前日と同じくつづら折れを詰める。昨日の雨でさらに雪が融け標高1200mまで上がることが出来た。もう数台の車が止まっていた。下では薄日が射していたがここまで来る頃にはまた霧雨が降り出した。しかし気温は高く気にならない。また午後には回復の予報なので出発することにした。まだ上に続くつづら折れの車道を串刺しするように雪渓を登っていく。時たま雨が強くなったり薄日がこぼれたりの定まらない天気だ。滝ノ小屋への登山口あたりで道路も完全に消えた。ここを左に行けば滝ノ小屋だ。しかしそれが確認できたのは実は下山時で、このときはガスの中でただひたすら上を目指して登っていた。小屋もまだ営業前で管理人は上がってきてはいないはずだ。

鳥海山湯ノ台スキー:イメージ5

時たま見せる晴れ間に確認すると鹿俣川右岸に沿って登っている。山頂(外輪山最高の七高山。内輪にある新山が鳥海山の最高地点)へはこの源頭部で東にトラバースしなければならない。このまま行くと伏拝岳に行ってしまう。しかし登路の雪渓は両端が濃いブッシュに遮れて容易に抜けられない。下山してくるスキーヤーに出会った。話を聞くとこの上部は1800m地点で雪が途切れという。山頂を目指すのなら早めにここを出て隣の雪渓へ移れというがそれをするにはもう遅いほど登って来てしまった。1800mまで後ほんの数10mだ。しかしここまで数100mの一枚バーンが続いていた。
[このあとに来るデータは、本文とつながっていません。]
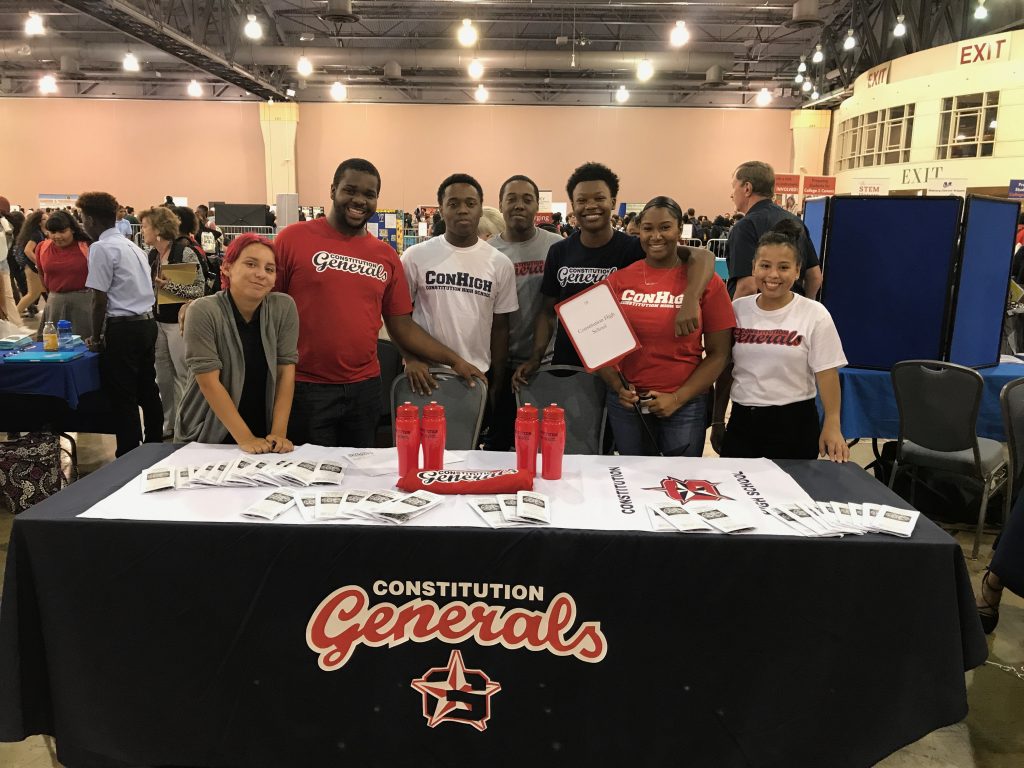Students showcase our school at the High School Fair.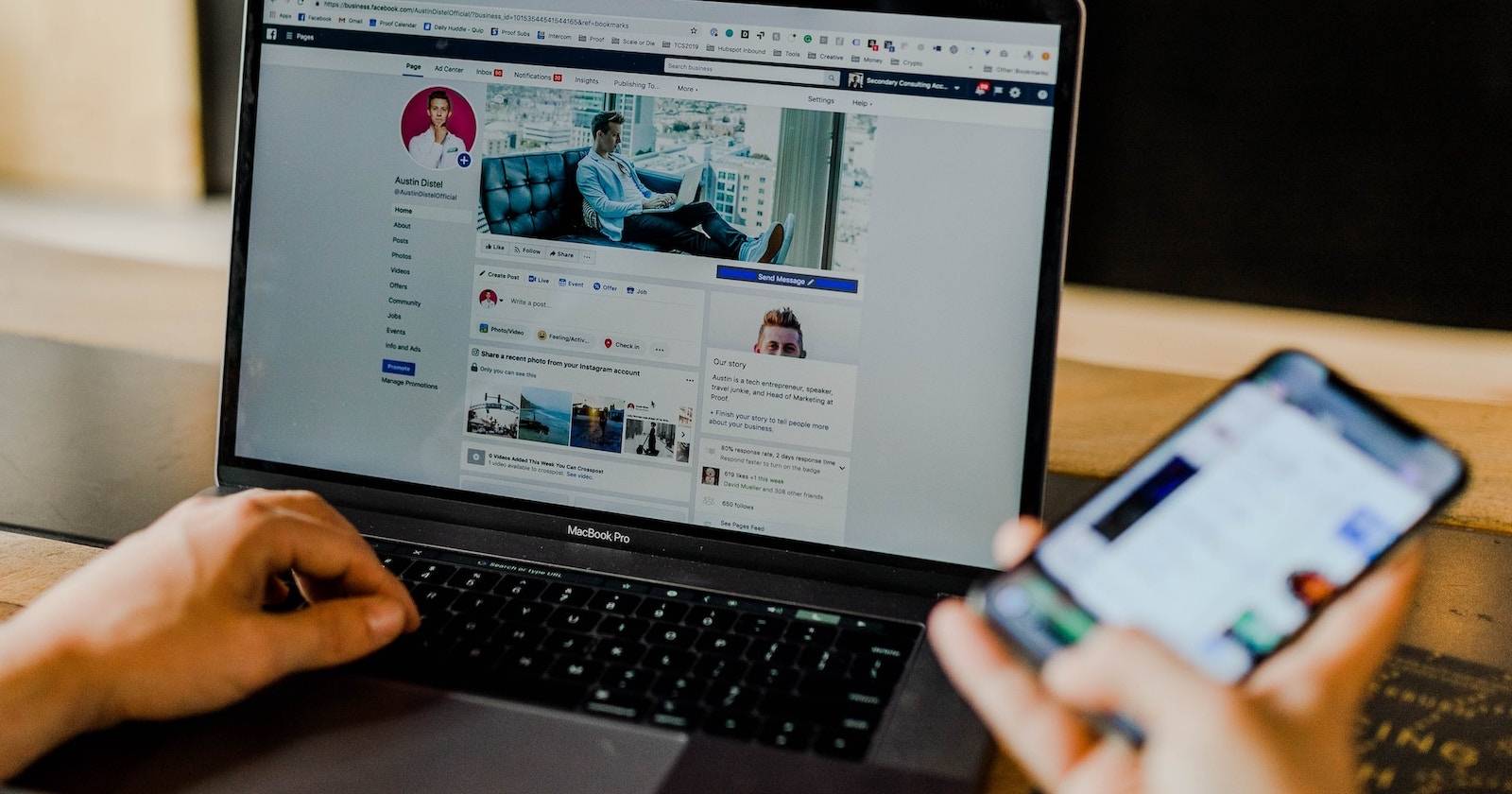 Человек, просматривающий профиль Facebook на ноутбуке и смартфоне одновременно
天気の回復はあまり期待できそうにない様子だし、ここを滑ればスキー納めとしては充分満足できるので、そのまま行けるところまで登り上がった。

鳥海山湯ノ台スキー:イメージ6

すぐにその地点に着きここまでとする。ビールで乾杯するが、風にかいた汗が冷やされて寒い。雨のような霧のような水分を含んで吹き付けてくるのでそうそうに下山する。いよいよシーズン最後の滑降、今年のスキー行のひとつひとつを思い出しながら滑った。行き損なった山の後悔が多いのも毎年のことだ。それでもスキーは良く滑り一気に滑り降り、車に着くとまた雨が降ってきた。終始山頂は深い雲の中にあった。

-DATA-

場所:
山形県飽海郡八幡町
交通:
国民宿舎鳥海山荘までは八幡町からバス有り、しかしさらに行くにはタクシーのみ。マイカーが圧倒的に便利。
駐車場:
路肩。
トイレ:
家族旅行村の手前に公衆トイレあり。
温泉:
国民宿舎鳥海山荘300円
宿泊:
鳥海山家族旅行村 ツリーハウス(バンガロー)8畳・3000円 そのほかトイレ、風呂、キッチン付きのコテージ12000円から
買物:
八幡町コープやわた 珍しい食材や格安お総菜が豊富 おすすめ「野菜メンチカツ100円」「ネギトロ巻き98円」
山菜:
タラノ芽、フキ、フキノトウ、ミズ、タケノコ、ミツバ、ウドなど。そのほかアイゴ(ミヤマイラクサ)、シドケ(ヤブレガサ)などが地元では珍重されている。
その他:
この時期の鳥海山スキーとしては秋田県側祓川登山口が一般的で雪も多い。そのほか今回の湯ノ台口、鉾立口、大清水口とあるが状況は現地に確認すること。